I am trying to create unique clusters of universities that are within 50 miles of each other.
I have a dictionary that has a tuple with the universities' names as the keys and the distance between them as the values:
{('University A', 'University B'): 2546,
('University A', 'University C'): 2449,
('University A', 'University D'): 5,
('University A', 'University E'): 1005,
('University B', 'University C'): 32,
('University B', 'University D'): 132,
('University B', 'University E'): 42,
('University C', 'University D'): 532,
('University C', 'University E'): 1362}
I am able to filter these to get the pairs of universities that are within 50 miles of each other:
('University A', 'University D')
('University B', 'University C')
('University B', 'University E')
How can I iterate through these pairs and create sets of clusters?
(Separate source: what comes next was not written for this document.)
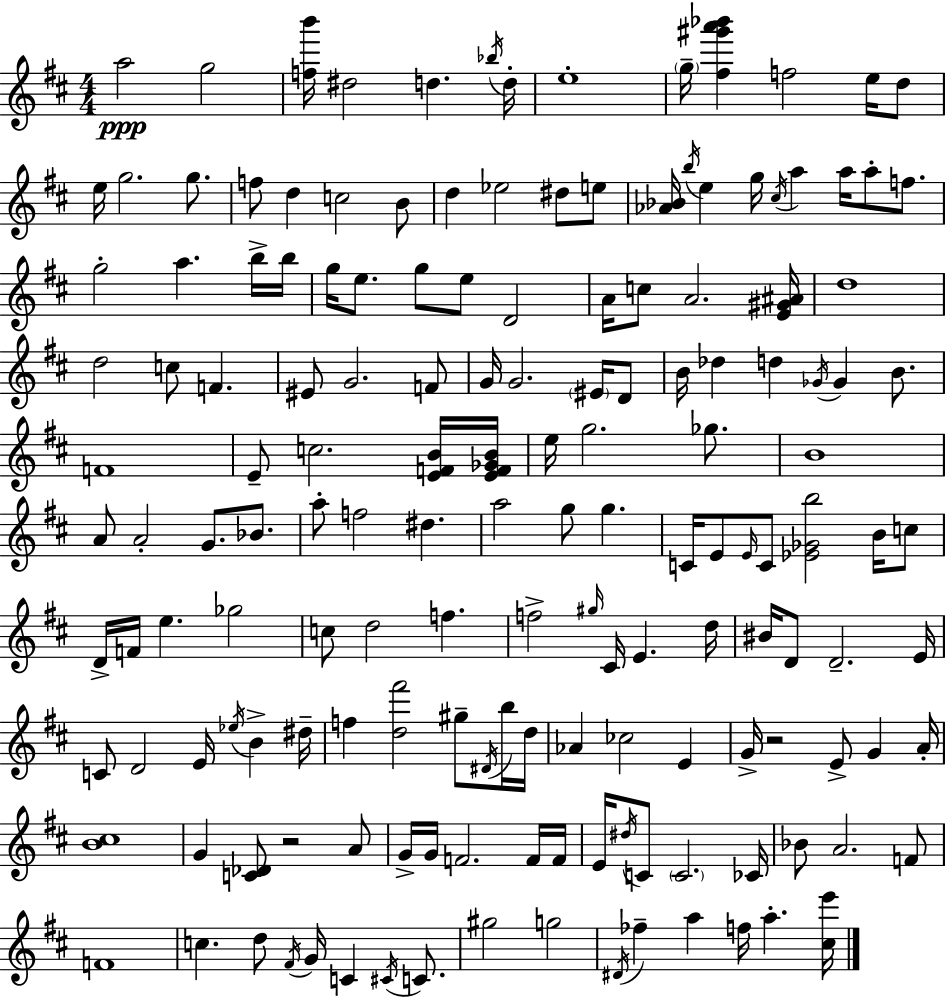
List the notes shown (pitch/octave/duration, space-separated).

A5/h G5/h [F5,B6]/s D#5/h D5/q. Bb5/s D5/s E5/w G5/s [F#5,G#6,A6,Bb6]/q F5/h E5/s D5/e E5/s G5/h. G5/e. F5/e D5/q C5/h B4/e D5/q Eb5/h D#5/e E5/e [Ab4,Bb4]/s B5/s E5/q G5/s C#5/s A5/q A5/s A5/e F5/e. G5/h A5/q. B5/s B5/s G5/s E5/e. G5/e E5/e D4/h A4/s C5/e A4/h. [E4,G#4,A#4]/s D5/w D5/h C5/e F4/q. EIS4/e G4/h. F4/e G4/s G4/h. EIS4/s D4/e B4/s Db5/q D5/q Gb4/s Gb4/q B4/e. F4/w E4/e C5/h. [E4,F4,B4]/s [E4,F4,Gb4,B4]/s E5/s G5/h. Gb5/e. B4/w A4/e A4/h G4/e. Bb4/e. A5/e F5/h D#5/q. A5/h G5/e G5/q. C4/s E4/e E4/s C4/e [Eb4,Gb4,B5]/h B4/s C5/e D4/s F4/s E5/q. Gb5/h C5/e D5/h F5/q. F5/h G#5/s C#4/s E4/q. D5/s BIS4/s D4/e D4/h. E4/s C4/e D4/h E4/s Eb5/s B4/q D#5/s F5/q [D5,F#6]/h G#5/e D#4/s B5/s D5/s Ab4/q CES5/h E4/q G4/s R/h E4/e G4/q A4/s [B4,C#5]/w G4/q [C4,Db4]/e R/h A4/e G4/s G4/s F4/h. F4/s F4/s E4/s D#5/s C4/e C4/h. CES4/s Bb4/e A4/h. F4/e F4/w C5/q. D5/e F#4/s G4/s C4/q C#4/s C4/e. G#5/h G5/h D#4/s FES5/q A5/q F5/s A5/q. [C#5,E6]/s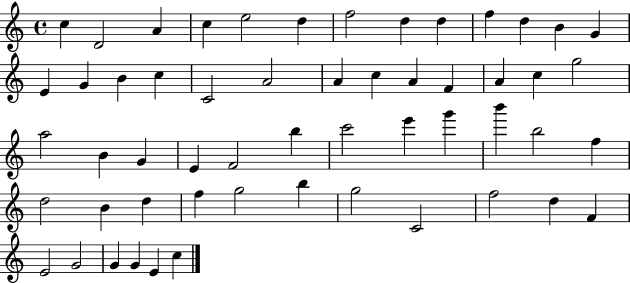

What I should end up with is a set with Universities A & D and another set with Universities B, C, & E.
There are 100s of universities that I am looking at in reality so the number of pairs is much longer. I am struggling with the creation of new sets within the iteration each time there is a new university cluster.
Incomplete answer, but hope it shows the idea to be tested and optimized.
Filter the keys as a set, then iterate over and use union if any of the pair is in the lookup list, which must be update while iterating. Better to show some code:
filtered = ([ set(k) for k,v in u.items() if v <= 50 ])
print(filtered) #=> [{'University A', 'University D'}, {'University B', 'University C'}, {'University B', 'University E'}]
lookup_list = filtered[1]
for pair in filtered:
if any(e in lookup_list for e in pair):
lookup_list = lookup_list.union(pair)
print(lookup_list)
#=> {'University B', 'University C', 'University E'}
With helpful guidance from @Daniel Mesejo & @Jon Clements and from this post , I ended up using networkx to solve the problem.
Starting from a list of tuples clusters
, looking like [('University A', 'University B'), ('University A', 'University C'), ...]
, I created the graph with:
g = nx.Graph()
for c in clusters :
g.add_edge(*c)
nx.draw(g)
plt.show()
Then to extract the clusters and give each a unique identifier using a key-value pair in a dictionary where the key is the cluster's number and the values are a list of the nodes (school names) in that cluster:
sub_graphs = list(nx.connected_component_subgraphs(g))
n = len(sub_graphs)
clusters = {}
for i in range(n) :
clusters[i+1] = list(sub_graphs[i].nodes())
And finally to map them back onto the original dataframe:
def map_cluster(x) :
for k, v in clusters.items() :
if x in v :
return k
df['Cluster'] = df['School Name'].apply(lambda x: map_cluster(x))
I am certain there is a more efficient way to do this and would welcome comments on this approach!